The oncologist conducted a very thorough physical examination of me, and discussed my medical history in some detail. They then went over their view of my treatment options, focusing as my medical oncologist back in Oregon has recently come to do on treatments for life extension rather than treatments for cure.
Basically, there are two options. One is to continue with the treatment guidelines which we have been following. The other is to engage in investigational/experimental treatments.
Regarding option one, the oncologist at M.D. Anderson believes that the right way to proceed is to shift directly to Regorafenib, which is third down the line in the current treatment plan at my home hospital. Their logic for this is that we have effectively proven that the proposed continuation of Vectibix will be ineffective given my most recent metastases, and they feel it will be a waste of my time and effort.
The other option is to embark on a investigative/experimental clinical trial. The oncologist said if I were local to Houston, they would enroll me in a current trial combining Erbitux (Cetuximab, a close cousin of Vectibix/Panitumumab) and Aflibrecept, which the investigators believe will facilitate the effectiveness of the Erbitux.

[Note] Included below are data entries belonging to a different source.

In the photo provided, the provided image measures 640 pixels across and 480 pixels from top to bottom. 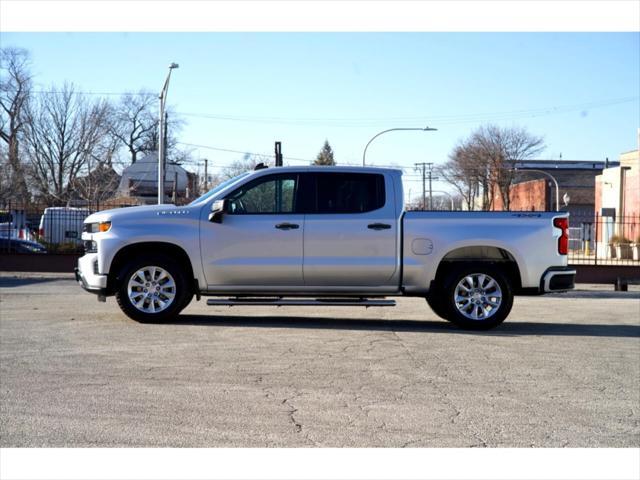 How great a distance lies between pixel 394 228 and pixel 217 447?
6.02 metres

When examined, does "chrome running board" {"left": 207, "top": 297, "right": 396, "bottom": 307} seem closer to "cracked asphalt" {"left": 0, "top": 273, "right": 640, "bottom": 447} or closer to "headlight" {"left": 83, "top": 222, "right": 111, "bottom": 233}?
"cracked asphalt" {"left": 0, "top": 273, "right": 640, "bottom": 447}

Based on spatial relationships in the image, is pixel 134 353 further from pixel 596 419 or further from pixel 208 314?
pixel 596 419

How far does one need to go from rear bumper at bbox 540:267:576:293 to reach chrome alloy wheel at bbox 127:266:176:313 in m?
4.93

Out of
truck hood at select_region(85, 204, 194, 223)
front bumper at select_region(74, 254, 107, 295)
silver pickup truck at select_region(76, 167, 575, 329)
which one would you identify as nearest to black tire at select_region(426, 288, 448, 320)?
silver pickup truck at select_region(76, 167, 575, 329)

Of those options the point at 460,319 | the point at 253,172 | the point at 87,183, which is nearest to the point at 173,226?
the point at 253,172

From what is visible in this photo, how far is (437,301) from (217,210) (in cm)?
330

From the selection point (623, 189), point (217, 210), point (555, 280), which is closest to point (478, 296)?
point (555, 280)

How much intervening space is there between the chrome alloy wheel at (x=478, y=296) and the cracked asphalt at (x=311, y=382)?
326 millimetres

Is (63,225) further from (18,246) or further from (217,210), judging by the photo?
(217,210)

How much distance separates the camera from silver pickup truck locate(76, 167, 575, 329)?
1114 centimetres

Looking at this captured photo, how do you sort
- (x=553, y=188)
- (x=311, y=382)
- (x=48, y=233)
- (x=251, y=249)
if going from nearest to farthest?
(x=311, y=382)
(x=251, y=249)
(x=48, y=233)
(x=553, y=188)

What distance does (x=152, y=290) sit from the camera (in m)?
11.2

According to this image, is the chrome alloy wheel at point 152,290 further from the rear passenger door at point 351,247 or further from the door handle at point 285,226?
the rear passenger door at point 351,247

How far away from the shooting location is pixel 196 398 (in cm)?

The challenges of enrolling in an investigative/experimental clinical trial out of state are immense, and we are still working to understand the rewards. As the oncologist here in Houston said, there’s no particular guarantee of success down any path. They declined to give a firm recommendation, saying this choice was up to me. My parsing of their comments about effectiveness is that none of my choices have an especially high probability of success.
I did speak to a knowledgeable friend afterwards about the question of why I would choose to go the route of investigational medicine when there were still approved treatments available. Their response was that for late stage patients such as myself, Stage III clinical trials can sometimes be more effective. My cancer has proven resistant to most of the available drugs within the clinical guidelines, so doing something new has a better shot. Also, patients in clinical trials are monitored much more closely than patients in mainstream treatment, which can have a positive effect on outcomes.

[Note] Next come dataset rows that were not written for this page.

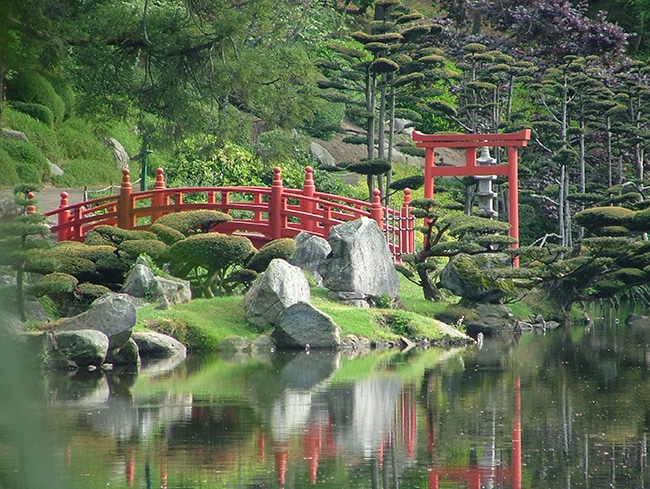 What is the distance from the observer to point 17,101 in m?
28.5

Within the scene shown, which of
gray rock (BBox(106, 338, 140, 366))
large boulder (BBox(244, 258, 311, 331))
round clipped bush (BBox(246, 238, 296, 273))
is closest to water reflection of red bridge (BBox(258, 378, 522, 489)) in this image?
gray rock (BBox(106, 338, 140, 366))

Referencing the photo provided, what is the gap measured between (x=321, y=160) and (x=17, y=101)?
30.7 feet

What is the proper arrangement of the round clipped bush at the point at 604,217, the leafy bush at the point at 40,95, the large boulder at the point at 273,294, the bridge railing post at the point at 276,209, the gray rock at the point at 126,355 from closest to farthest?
1. the gray rock at the point at 126,355
2. the large boulder at the point at 273,294
3. the bridge railing post at the point at 276,209
4. the round clipped bush at the point at 604,217
5. the leafy bush at the point at 40,95

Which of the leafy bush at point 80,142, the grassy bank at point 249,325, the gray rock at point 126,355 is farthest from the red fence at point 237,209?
the leafy bush at point 80,142

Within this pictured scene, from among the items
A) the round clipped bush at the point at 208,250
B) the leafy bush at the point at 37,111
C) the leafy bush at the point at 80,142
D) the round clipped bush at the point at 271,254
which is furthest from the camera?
the leafy bush at the point at 80,142

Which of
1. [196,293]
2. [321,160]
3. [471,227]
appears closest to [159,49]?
[196,293]

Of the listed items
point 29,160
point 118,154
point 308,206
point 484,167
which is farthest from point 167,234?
point 118,154

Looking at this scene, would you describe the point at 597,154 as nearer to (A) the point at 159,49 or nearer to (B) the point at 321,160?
(B) the point at 321,160

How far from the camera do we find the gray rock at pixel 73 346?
14.3 m

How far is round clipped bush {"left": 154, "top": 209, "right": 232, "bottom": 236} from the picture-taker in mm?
19797

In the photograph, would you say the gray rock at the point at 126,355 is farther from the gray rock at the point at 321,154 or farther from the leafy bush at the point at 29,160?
the gray rock at the point at 321,154

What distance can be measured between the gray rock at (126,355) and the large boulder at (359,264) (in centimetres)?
507

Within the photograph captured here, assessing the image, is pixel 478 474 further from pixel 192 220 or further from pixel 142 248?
pixel 192 220

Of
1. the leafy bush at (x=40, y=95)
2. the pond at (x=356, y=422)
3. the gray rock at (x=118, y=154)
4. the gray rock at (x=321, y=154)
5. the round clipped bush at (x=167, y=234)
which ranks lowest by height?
the pond at (x=356, y=422)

I also spoke on the telephone yesterday evening with the M.D. Anderson oncologist, who confirmed they have talked to my medical oncologist back in Oregon about the treatment recommendations. I’ll be seeing the medical oncologist at home on Friday, so we can review these outcomes and consider next steps, such as whether to make a serious effort at working out the logistics of a clinical trial in Houston. This very much includes significant questions about the impact on
There’s still the potential wildcard of the genomic testing results, which I am expecting to see any day now. Also, we have a meeting today with the chief scientists from the group doing the clinical analysis, which will both shed more light and further muddy the waters.
At this point, it is very unclear to me which direction I might choose to follow. I have questions out to both the M.D. Anderson oncologist and my home hospital oncologist, and am awaiting more answers from them, which may influence my choices. It’s a tough call at best.